Starting with the line that has "Ein Schlafzimmer mit", retype each line down to the end of the entries below, without leaving any out or adding any.

(Items from a data source)
★ ★ ★ ★
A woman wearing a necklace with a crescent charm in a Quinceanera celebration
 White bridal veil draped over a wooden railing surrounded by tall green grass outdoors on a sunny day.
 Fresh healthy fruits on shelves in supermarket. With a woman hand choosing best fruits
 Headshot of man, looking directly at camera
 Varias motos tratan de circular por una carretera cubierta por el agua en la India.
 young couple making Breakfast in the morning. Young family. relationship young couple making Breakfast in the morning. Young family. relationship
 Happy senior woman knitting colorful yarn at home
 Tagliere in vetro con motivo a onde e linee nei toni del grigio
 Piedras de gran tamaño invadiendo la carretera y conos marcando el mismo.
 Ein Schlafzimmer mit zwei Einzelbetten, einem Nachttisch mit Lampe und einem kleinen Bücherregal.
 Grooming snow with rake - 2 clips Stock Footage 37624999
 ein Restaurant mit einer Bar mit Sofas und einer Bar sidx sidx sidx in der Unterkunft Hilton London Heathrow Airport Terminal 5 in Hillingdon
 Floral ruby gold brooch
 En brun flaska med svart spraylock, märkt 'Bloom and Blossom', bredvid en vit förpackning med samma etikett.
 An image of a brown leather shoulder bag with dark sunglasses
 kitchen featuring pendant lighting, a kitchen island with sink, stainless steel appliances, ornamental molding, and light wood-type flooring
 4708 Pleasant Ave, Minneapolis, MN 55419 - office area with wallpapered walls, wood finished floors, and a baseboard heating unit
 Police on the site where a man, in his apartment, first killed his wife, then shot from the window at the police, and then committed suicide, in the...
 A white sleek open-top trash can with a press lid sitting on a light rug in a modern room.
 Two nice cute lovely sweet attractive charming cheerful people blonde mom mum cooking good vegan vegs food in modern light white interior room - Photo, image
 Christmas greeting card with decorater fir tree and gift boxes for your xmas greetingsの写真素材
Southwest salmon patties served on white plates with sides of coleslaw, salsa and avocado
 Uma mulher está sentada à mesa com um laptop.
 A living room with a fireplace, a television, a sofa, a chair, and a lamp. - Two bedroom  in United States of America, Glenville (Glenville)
★ ★ ★ ★
[Solution for this task]
 Ein Schlafzimmer mit zwei Einzelbetten, einem Nachttisch mit Lampe und einem kleinen Bücherregal.
 Grooming snow with rake - 2 clips Stock Footage 37624999
 ein Restaurant mit einer Bar mit Sofas und einer Bar sidx sidx sidx in der Unterkunft Hilton London Heathrow Airport Terminal 5 in Hillingdon
 Floral ruby gold brooch
 En brun flaska med svart spraylock, märkt 'Bloom and Blossom', bredvid en vit förpackning med samma etikett.
 An image of a brown leather shoulder bag with dark sunglasses
 kitchen featuring pendant lighting, a kitchen island with sink, stainless steel appliances, ornamental molding, and light wood-type flooring
 4708 Pleasant Ave, Minneapolis, MN 55419 - office area with wallpapered walls, wood finished floors, and a baseboard heating unit
 Police on the site where a man, in his apartment, first killed his wife, then shot from the window at the police, and then committed suicide, in the...
 A white sleek open-top trash can with a press lid sitting on a light rug in a modern room.
 Two nice cute lovely sweet attractive charming cheerful people blonde mom mum cooking good vegan vegs food in modern light white interior room - Photo, image
 Christmas greeting card with decorater fir tree and gift boxes for your xmas greetingsの写真素材
Southwest salmon patties served on white plates with sides of coleslaw, salsa and avocado
 Uma mulher está sentada à mesa com um laptop.
 A living room with a fireplace, a television, a sofa, a chair, and a lamp. - Two bedroom  in United States of America, Glenville (Glenville)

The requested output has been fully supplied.